“You better go for that job interview,” his stern voice echoed over the phone. I simply followed his command. I scribbled through the written test, powered only by my clouded mind, and set my baby steps in journalism. He was my professor and my dissertation guide during my Masters course at Panjab University.
I had been in a dark, murky personal space. After having completed my Bachelors in Mass Communication, got into Masters, thanks to my decent grades, but hardly attended classes. He pulled me up and made me finish the course, somehow. Soon, I was back to vegetating on my widowed mother’s couch, binge-watching TV --making life difficult for everyone around me.
My teacher didn’t do much—just held my hand, gave me a gentle nudge, as I waded through muddied waters. And that was enough to set the ball rolling in the right direction.
His just being there helped; his emphatic gaze helped, and when I needed someone to talk to, to listen to my angst-ridden cries of despair and for hope, he was there. He didn’t sit down with me to discuss my issues. But showed me through a humanistic lens that everyone has them and has to deal with them willy-nilly. There are no silver bullets on offer.
He advised me on how to negotiate the chakravyuhs to avoid them and to cut my losses while I could. The rapids were strong; he taught me to stay afloat. Survival skills were what he gave me a peek into… Life lessons are not imparted in any classroom—all outside the prescribed syllabus, yet it is so vital.
To help me bounce back from the abysmal lows, those emotional warps...and make the most of what life throws at me in order to emerge unscathed. All in all, he became my friend, philosopher, and guide—my go-to person when I found it unsurmountable to open up to any soul.
My son, too, has had his share of anxious moments.

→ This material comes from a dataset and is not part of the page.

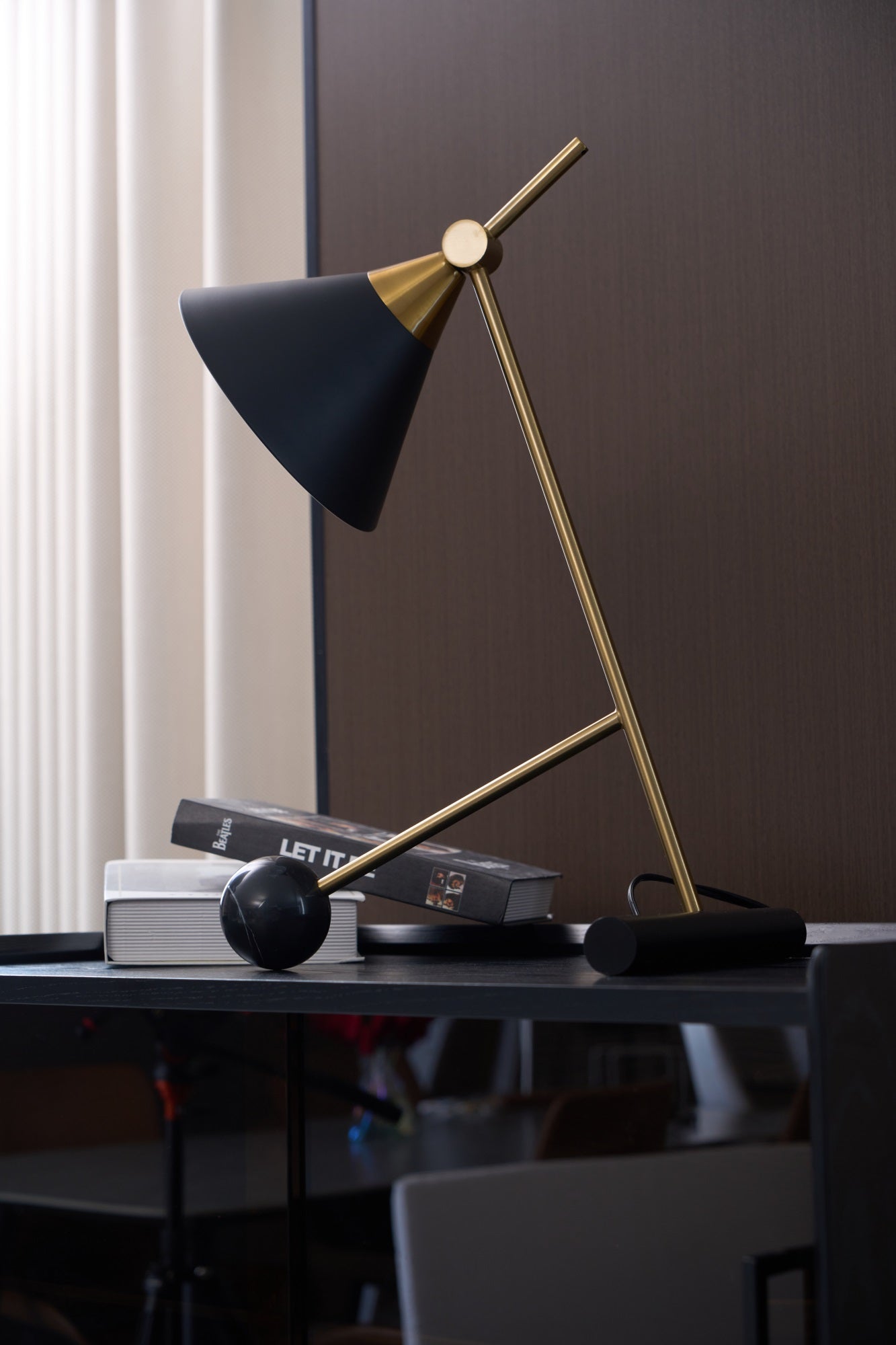 Avelo Marble Geometric Table Lamp-Neutral Decor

He, too, had pairs of sane hands to hold him, to show him the light at the end of the tunnel, to exhort him to dig in his heels,
to never give up.
As Freddie Mercury crooned in Innuendo: “you can be anything you want to be; just turn yourself into anything you think that you could ever be; Be free with your tempo, be free…
To all such wonderful gurus, from many a grateful shishyas they helped, thank you!